Recherche d’emploi, identité professionnelle, seniors en entreprise… Thomas Baligand et Mathieu Jéhannin, consultants pour l’Apec, livrent leurs réflexions sur le marché des cadres.

Quels conseils donneriez-vous pour bien organiser sa recherche d’emploi ?

TBaligandThomas : Au-delà des évidences – être régulier, s’organiser avec un planning, etc. – je pense qu’avec l’avènement des réseaux sociaux, une des choses les plus importantes est de savoir trouver, trier et s’approprier l’information. Il y a encore 15 ans, un cadre qui se rendait sur le site corporate d’une entreprise avait suffisamment de matière pour rédiger son CV et sa lettre de motivation. Ce n’est plus le cas aujourd’hui. Il faut davantage creuser et surtout extraire une information de qualité. Cette évolution, contrairement à ce qu’on peut lire parfois, redonne tout son sens à la lettre de motivation, notamment pour le top management.
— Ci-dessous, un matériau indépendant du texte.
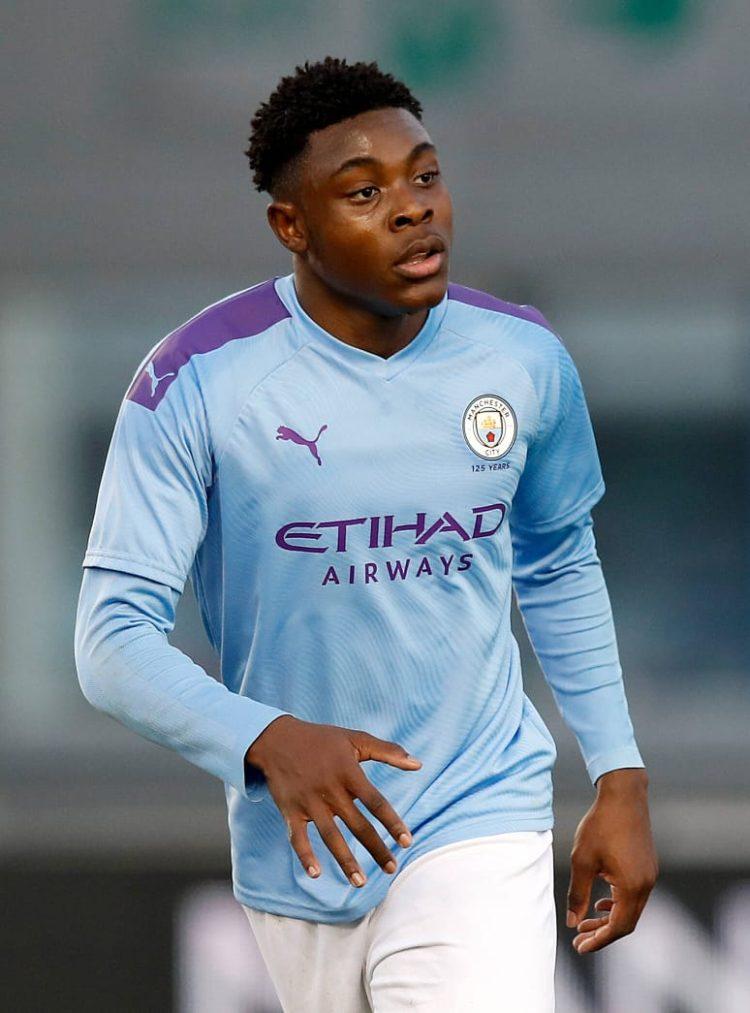 Fisayo Dele-Bashiru in Manchester City colours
MJéhanninMathieu : Autre conseil important, mais qui passe souvent à la trappe : réfléchir à son identité professionnelle, c’est-à-dire à la façon dont on incarne son métier. Pour le dire plus clairement, c’est bien souvent (re)donner du sens à son emploi. C’est la façon dont on se l’approprie. Pour certains, cette réflexion pourra conduire à changer totalement de voie, pour d’autres, ils remettront une pièce dans le juke-box ! Il ne faut pas simplement regarder son avenir professionnel à l’aune de son expérience passée mais la confronter au présent.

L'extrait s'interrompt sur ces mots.